Testing Bash with BATS

The Bash Automated Testing System puts Bash code through the same types of testing processes used by Java, Ruby, and Python developers.

Software developers writing applications in languages such as Java, Ruby, and Python have sophisticated libraries to help them maintain their software's integrity over time. They create tests that run applications through a series of executions in structured environments to ensure all of their software's aspects work as expected.

These tests are even more powerful when they're automated in a continuous integration (CI) system, where every push to the source repository causes the tests to run, and developers are immediately notified when tests fail. This fast feedback increases developers' confidence in the functional integrity of their applications.

The Bash Automated Testing System (BATS) enables developers writing Bash scripts and libraries to apply the same practices used by Java, Ruby, Python, and other developers to their Bash code.

Installing BATS

The BATS GitHub page includes installation instructions. There are two BATS helper libraries that provide more powerful assertions or allow overrides to the Test Anything Protocol (TAP) output format used by BATS. These can be installed in a standard location and sourced by all scripts. It may be more convenient to include a complete version of BATS and its helper libraries in the Git repository for each set of scripts or libraries being tested.

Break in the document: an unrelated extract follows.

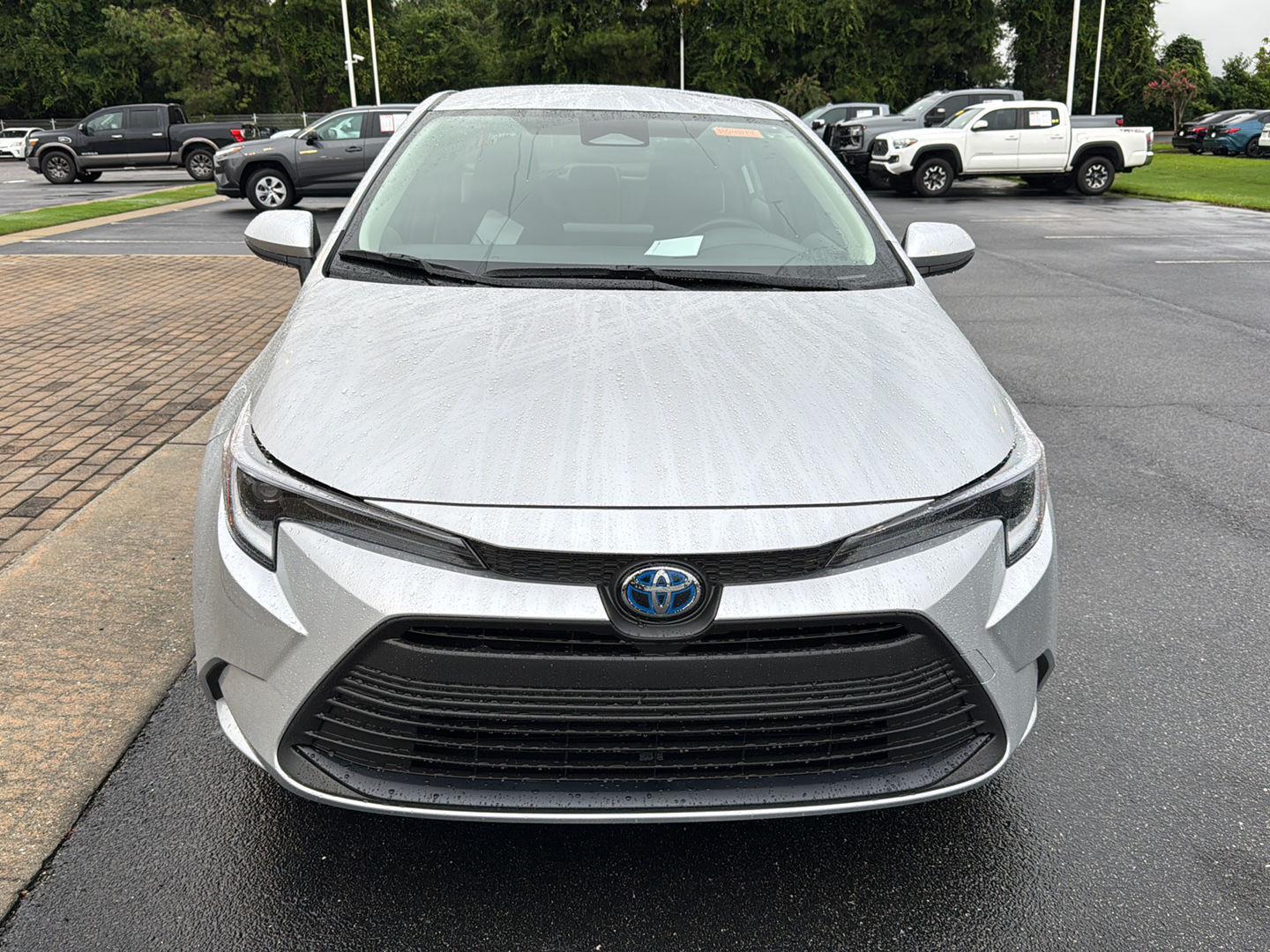 2025 Toyota Corolla Hybrid LE photo 7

This can be accomplished using the git submodule system.

The following commands will install BATS and its helper libraries into the test directory in a Git repository.

git submodule init
git submodule add https://github.com/sstephenson/bats test/libs/bats
git submodule add https://github.com/ztombol/bats-assert test/libs/bats-assert
git submodule add https://github.com/ztombol/bats-support test/libs/bats-support
git add .
git commit -m 'installed bats'

To clone a Git repository and install its submodules at the same time, use the

--recurse-submodules flag to git clone.

Each BATS test script must be executed by the bats executable. If you installed BATS into your source code repo's test/libs directory, you can invoke the test with:

./test/libs/bats/bin/bats <path to test script>

Alternatively, add the following to the beginning of each of your BATS test scripts:

#!/usr/bin/env ./test/libs/bats/bin/bats
load 'libs/bats-support/load'
load 'libs/bats-assert/load'

and chmod +x <path to test script>. This will a) make them executable with the BATS installed in ./test/libs/bats and b) include these helper libraries. BATS test scripts are typically stored in the test directory and named for the script being tested, but with the .bats extension. For example, a BATS script that tests bin/build should be called test/build.bats.

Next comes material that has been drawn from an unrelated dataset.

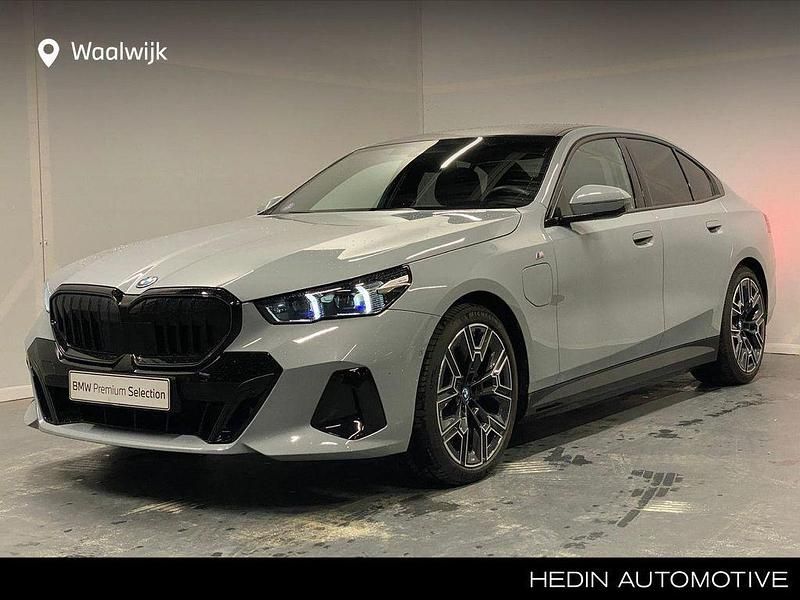 Grau Gebraucht 2024 BMW 530e Performance Limousine | 58.988 € - Bild 1/4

You can also run an entire set of BATS test files by passing a regular expression to BATS, e.g., ./test/lib/bats/bin/bats test/*.bats.

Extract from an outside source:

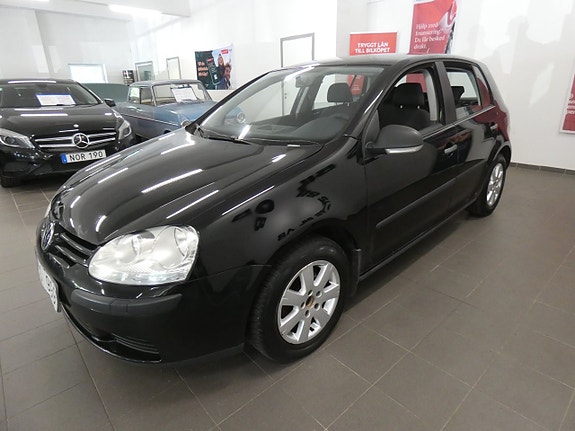 Volkswagen Golf V 3 of 16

Organizing libraries and scripts for BATS coverage

Bash scripts and libraries must be organized in a way that efficiently exposes their inner workings to BATS. In general, library functions and shell scripts that run many commands when they are called or executed are not amenable to efficient BATS testing.

For example, build.sh is a typical script that many people write. It is essentially a big pile of code. Some might even put this pile of code in a function in a library. But it's impossible to run a big pile of code in a BATS test and cover all possible types of failures it can encounter in separate test cases. The only way to test this pile of code with sufficient coverage is to break it into many small, reusable, and, most importantly, independently testable functions.

It's straightforward to add more functions to a library. An added benefit is that some of these functions can become surprisingly useful in their own right. Once you have broken your library function into lots of smaller functions, you can source the library in your BATS test and run the functions as you would any other command to test them.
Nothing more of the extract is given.